Через сутки у меня начали резаться зубки. Как у младенца. С болью и зудом. На этот раз я подготовился и вывез из Москвы девяностых болеутоляющие таблетки с кодеином, которые потом запретили к продаже. Так что особо не мучился.
Доллары тасовал. По номиналу и годам выпуска по сумкам раскладывал. Спалиться на первом же выходе в Штаты на несуществующих в шестидесятые годы банкнотах мне не улыбалось.
Остались не разобранными только сотки. Но их было много. Больше, чем купюр всех остальных номиналов вместе взятых.
Заглянул Тарабрин. С интересом.
- Ну что, Митрий? Новые зубы еще не выросли?
- Режутся. – Ответил я. - Чай будешь?
Когда это еще Тарабрин от чая отказывался?
Пока нам чай заваривали, вертел Тарабрин в руках доллары разных годов.
- Откель такое богачество? – ерничая, кивнул Иван Степанович на пачки долларовых соток.
- Банк взял, - ответил я честно.
И в ответ на круглые глаза Тарабрина, рассказал, как было дело.
- Значит, вор у вора дубинку украл, - рассмеялся проводник и предложил. - Давай меняться.
- Что на что?
- Доллары на золотые николаевские империалы. Мне в твоём времени кое-что прикупить надо. А я тебя в начало двадцатого века свожу – там много чего можно прелестного приобрести.
- В моём? Тогда тебе только эти подойдут, - показал я ему 100-долларовую купюру дизайна 1996 года. - А что, наших денег у тебя не осталось?
- Да сколько было, все тебе отдал, - сознался проводник несколько смущенно.
- Только покупать? Не торговать? – засомневался я.
- В твоём времени я с торговлей завязал, - обреченно сказал Тарабрин. – Одного раза мне за глаза хватило.
- Сведешь меня с твоим знакомым умельцем, который старые документы делать может.
- Ни разу не проблема, - ответил проводник. – А что тебе требуется?
- Права на управление автомобилем. Американские. Образец есть. Ну и советские… как права, так и паспорт. Военный билет еще.
- Спросим, - ответил Тарабрин. – Заплатить ему за труды есть чем, - кивнул он на пачки долларов. – Заодно и плакат тебе оформим.

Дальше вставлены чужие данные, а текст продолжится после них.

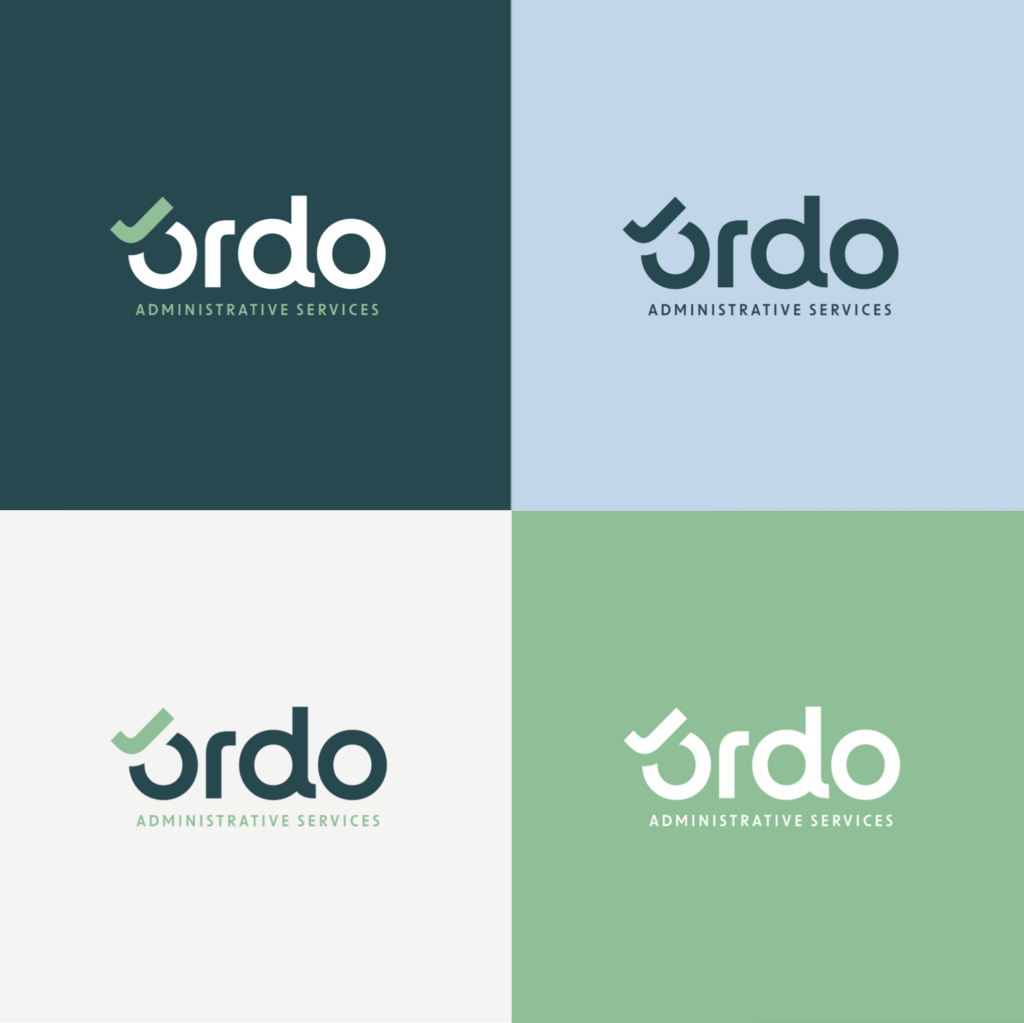 ORDO Logos wth Desc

- Какой плакат? – удивился я.
- Плакатный заграничный паспорт Российской империи. Как на купца второй гильдии из какого-нибудь Задрищинска, что подальше от железной дороги стоит. Такого, куда депеши месяцами ходят.
- Тогда лучше из Урюпинска, - засмеялся я, вспоминая кучу анекдотов про этот город.

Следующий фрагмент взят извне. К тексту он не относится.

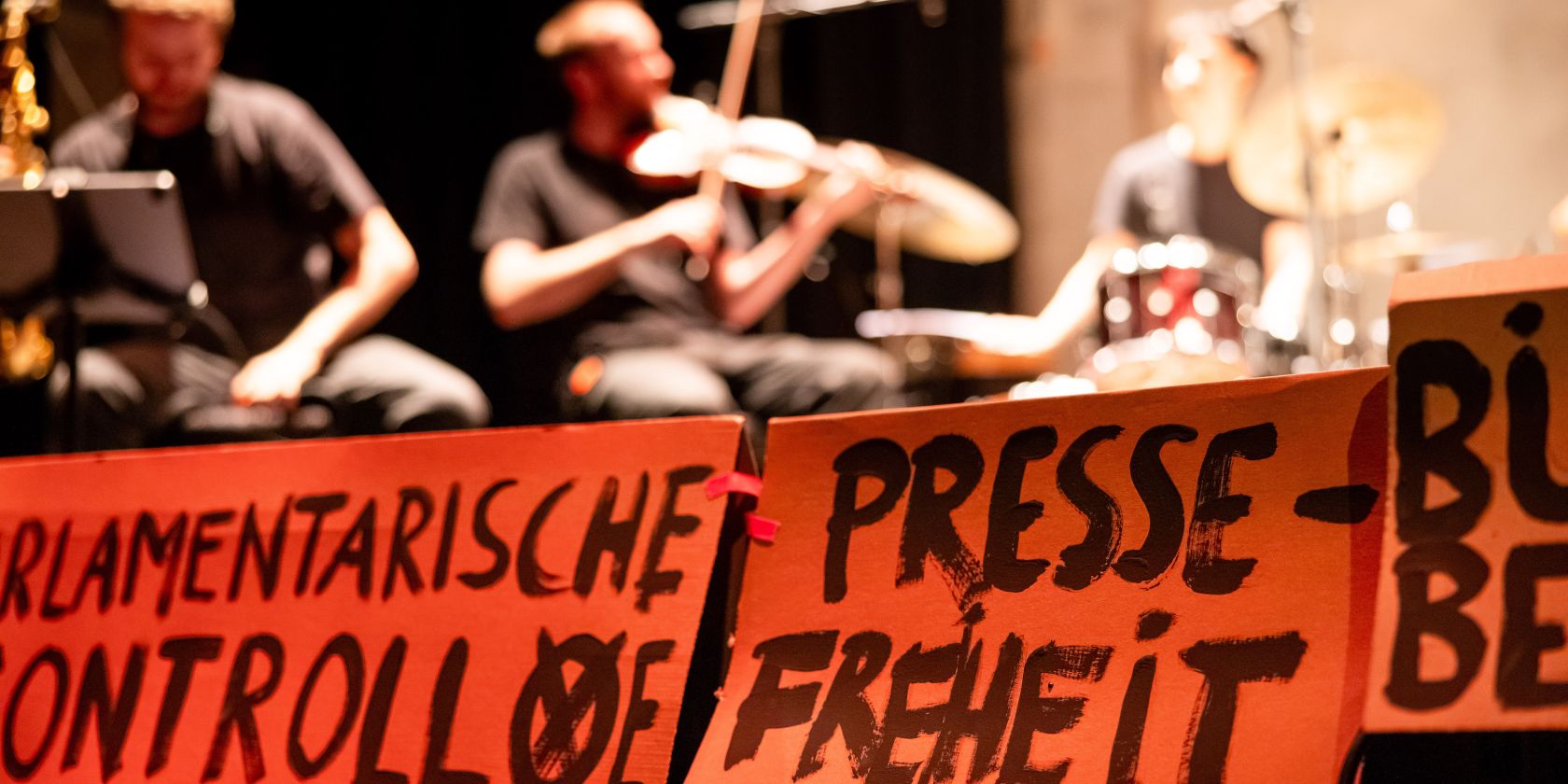 JIVE, © Jörg Farys // Die Projektoren JIVE, © Jörg Farys // Die Projektoren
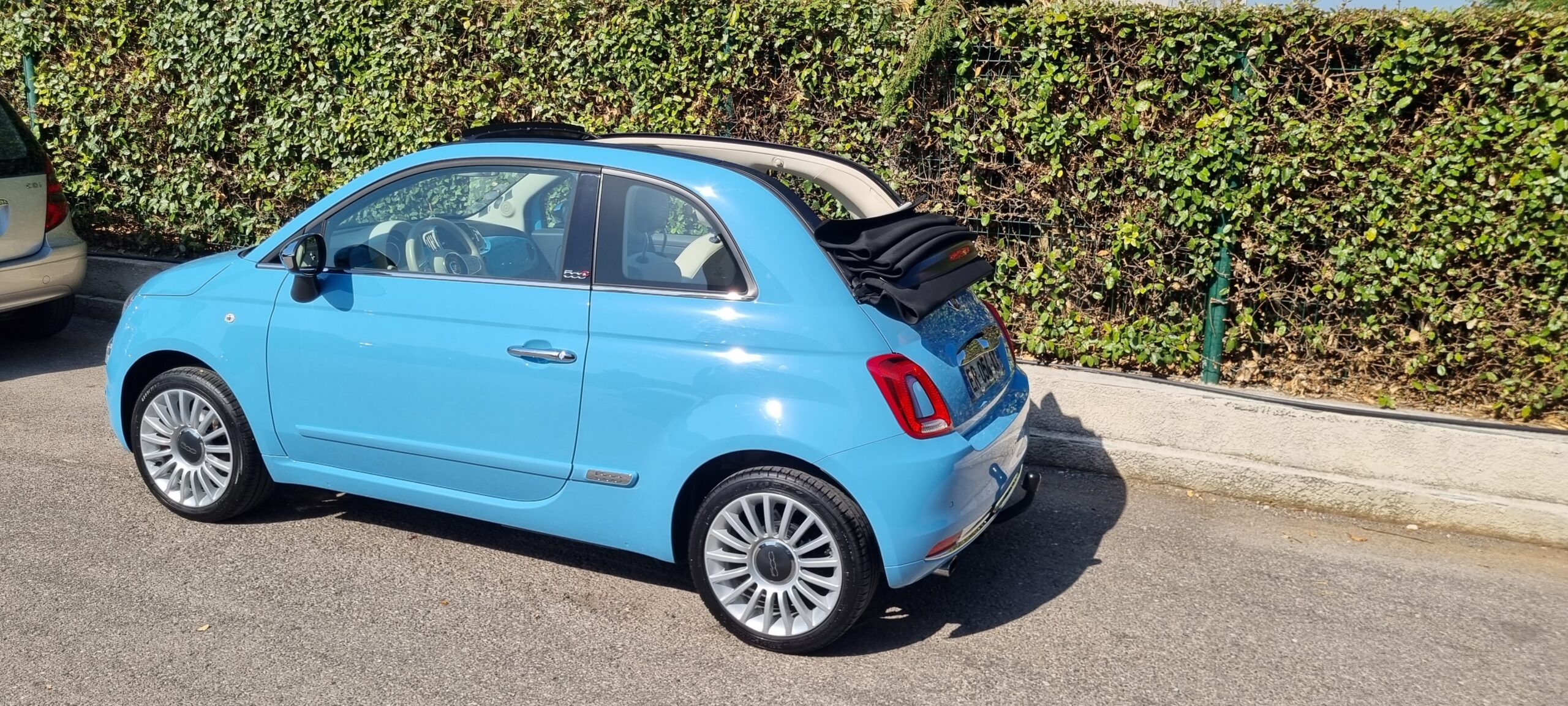FIAT 5OOC 1.2L 69CH LOUNGE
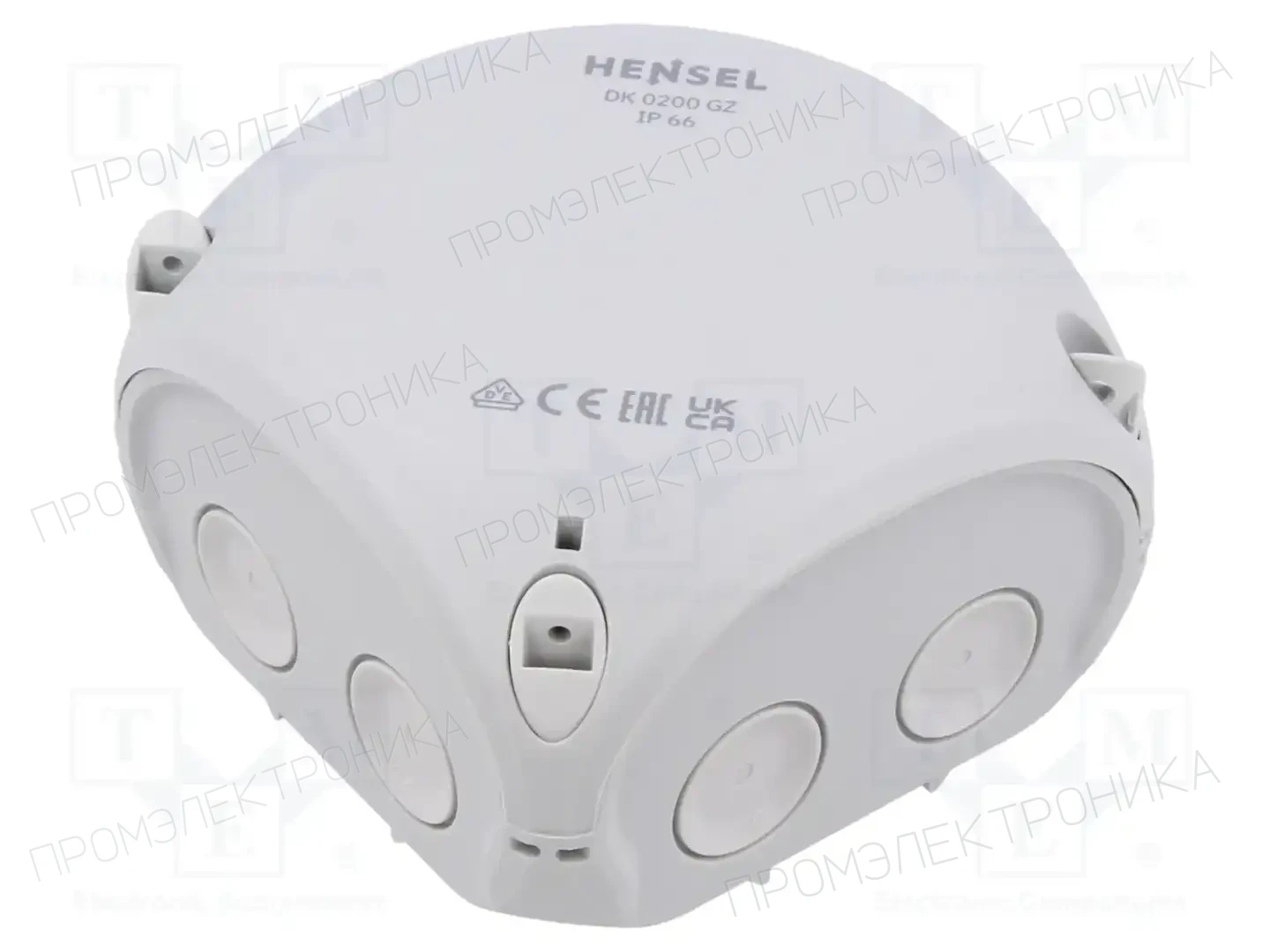 HENSEL 62000151 — Корпуса для электрооборудования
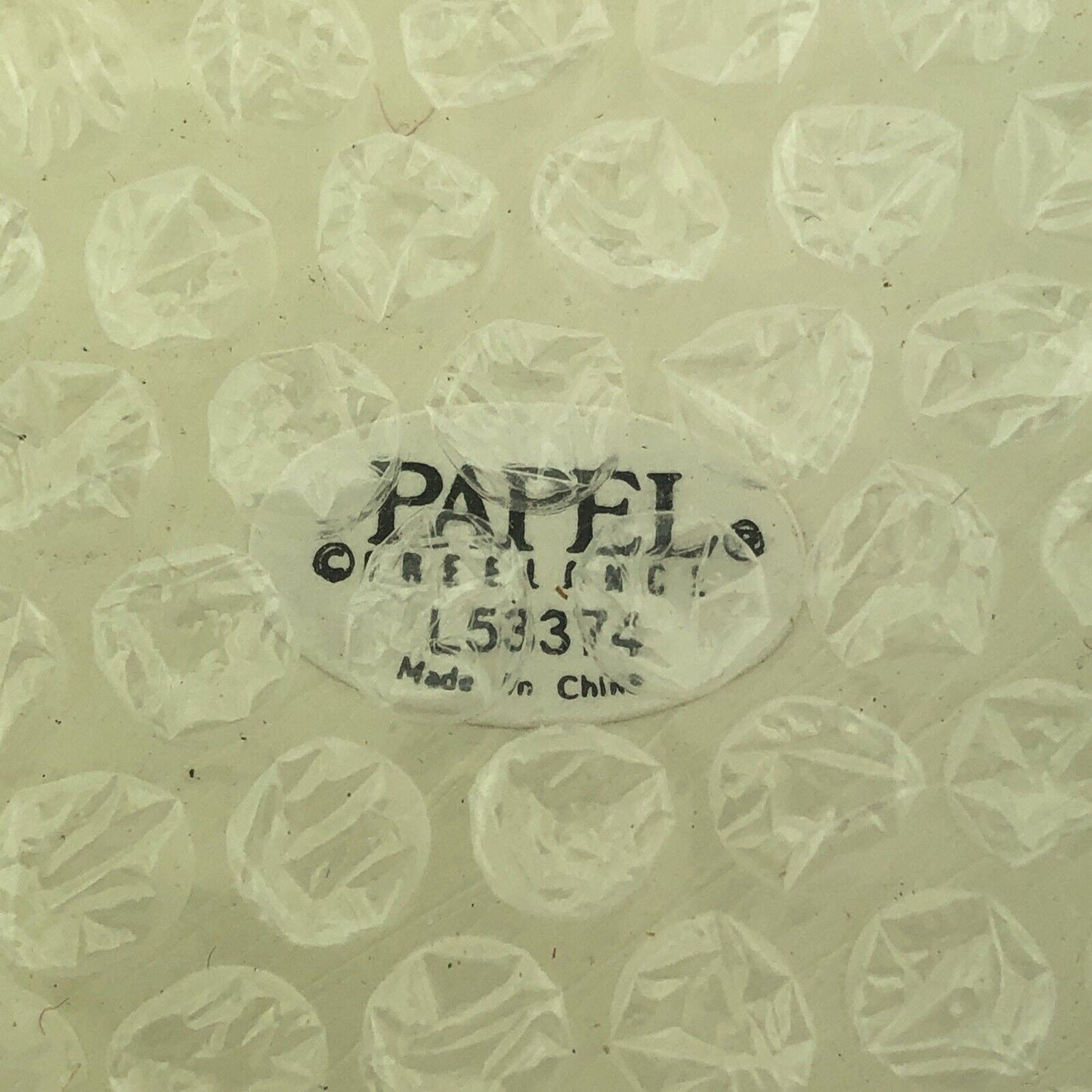 Papel Freelance Angelic Splendor Miniture 9 Piece Tea Set Box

- Из Урюпинска не получится, - заметил Тарабрин. – Там донские казаки живут. И всей торговлей торговые казаки заправляют. Платят в казну войска налога сто рублей в год и катаются с товаром по станицам и хуторам. Так что будешь ты у нас сибиряком забайкальским. Но чуток подождем, пока у тебя борода вырастет.
Тут и чай нам подоспел.
Я и чайную коробку подарочную Тарабрину вручил под такое дело.
- Надо смотаться в твою Москву, пока у нас гусь на юг не полетел.
- Только пусть сначала у меня зубы отрастут, – попросил я.
Старый гравер, покрутив в руках фотошопную болванку аризонских автомобильных прав, потыкал пальцами в клавиатуру компьютера и откатился от стола.
Кресло у него было офисное на пяти колесах. Кожаное. Директорское, с высокой спинкой. И вообще оборудование тут фирменное, дорогое и современное. Для 1996 года очень даже и очень.
- Делал как-то я такие, только с фотографией, для Сёмы Капетильмана несколько лет назад. Тот тогда в Штаты через мексиканскую границу мылился и не желал иметь проблем с иммиграционной службой федералов со своей израильской визой. Звонил мне как-то потом оттуда, что все в порядке, мое изделие не подвело. Благодарил. Он даже после лесного пожара, когда офис шерифа со всем архивом сгорел, обменял мой ««блинчик»» на местную ксиву нового образца. Так что не проблема. Сделаю как надо.
Поглядел на наши другие хотелки, записанные на тетрадном листе в косую линейку.
- А вот это вам дорого встанет. Старый бланк военного билета я достану, не трудно пока. Права тоже сделаю. Но вот паспорт образца шестидесятых годов… может быть уже и бланков таких, ни у кого не осталось. Царский паспорт вообще сами могли сделать – ничего сложного. Ну, да ладно, возьму до кучи.